This repository contains a from-scratch, modular implementation of SARSA (State–Action–Reward–State–Action), an on-policy, model-free reinforcement learning algorithm, implemented on a custom GridWorld environment built without any pre-made RL libraries.
The focus of this project is algorithmic clarity and correct temporal logic, not performance or framework usage.
Many reinforcement learning examples:
- rely on Gym or pre-built environments
- hide the learning loop behind abstractions
- blur the distinction between policy and value learning
This project does the opposite:
- the environment is implemented manually
- the SARSA update is written explicitly
- the policy is separate and stateless
- the training loop shows the full
(s, a, r, s', a')flow
The goal is to understand model-free control from first principles.
SARSA is an on-policy temporal-difference control algorithm. It learns the value of the actions the agent actually takes, not the actions that would be optimal under a greedy policy.
At each step, SARSA updates the value of the current state–action pair using the value of the next state–action pair chosen by the same policy.
This single detail is the defining difference between SARSA and Q-learning.
For a transition: (s, a) → r → (s', a')
Q(s, a) ← Q(s, a) + α[r + γQ(s', a') - Q(s, a)]
Where:
- α is the learning rate
- γ is the discount factor
- a' is chosen using the same policy as a
Because the next action comes from the same policy, SARSA is on-policy.
Install the only required dependency:
pip install numpy(Optional: use a virtual environment for isolation)
python -m venv venv
source venv/bin/activate # On Windows: venv\Scripts\activate
pip install numpyNo other external libraries or RL frameworks are needed.

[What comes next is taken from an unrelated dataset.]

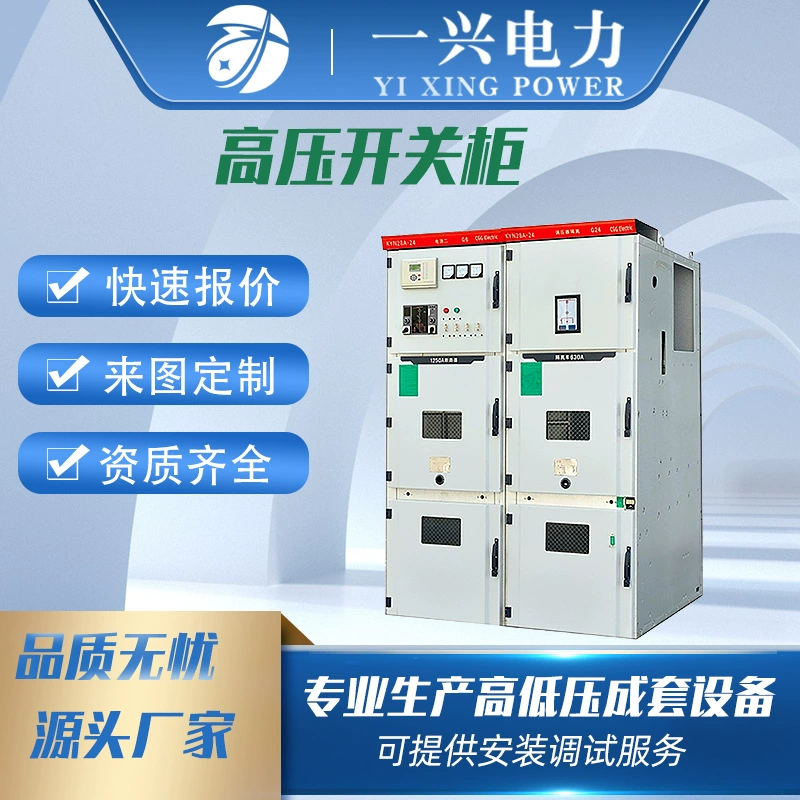 Высоковольтное распределительное устройство KYN28A, изготовленное на заказ, 10 кВ, шкафы ввода-вывода, распределительные шкафы, центральные шкафы, полный комплект оборудования, интеллектуальное распределение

Execute the main training script:
python train.pyYou can customize hyperparameters directly in train.py or by modifying the train_sarsa function call (e.g., number of episodes, grid size, learning rate, etc.).

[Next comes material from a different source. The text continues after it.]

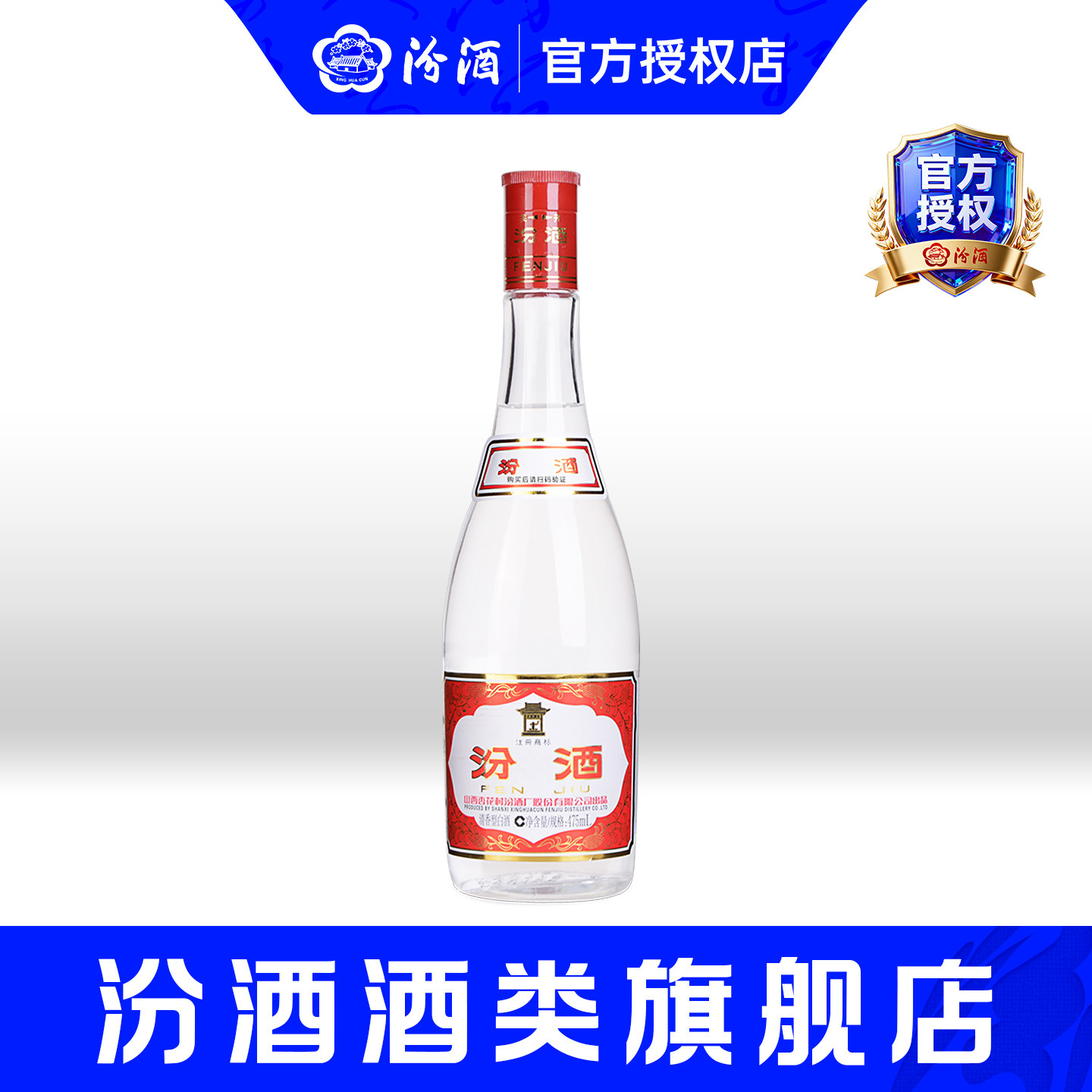 山西杏花村汾酒 42度红盖汾酒475ml*1瓶国产白酒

- Q-values near the terminal state (bottom-right corner) should be close to 0
- States farther from the terminal should have increasingly negative Q-values
- Optimal action-values should propagate backward from the goal over episodes
- The agent learns a near-optimal policy avoiding long paths due to the -1 step penalty
Training typically converges well within 10,000–20,000 episodes on the default 5×5 grid.
.
├── env.py # GridWorld environment (dynamics only)

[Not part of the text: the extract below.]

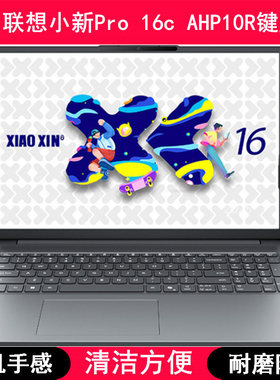 适用联想小新Pro 16c AHP10R键盘保护膜16寸笔记本电脑防尘防水套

├── agent.py # SARSA agent (Q-table + update rule)
├── policy.py # ε-greedy policy with decay
├── train.py # Training loop and execution entry point
├── README.md # This file
└── requirements.txt # (optional) lists numpy
This implementation emphasizes:
- Temporal correctness in the SARSA loop
- Clear separation of environment, agent, and policy
- Explicit handling of the (s, a, r, s', a') tuple
It serves as a clean foundation for understanding on-policy control and can be extended to Q-learning, Expected SARSA, or more advanced methods.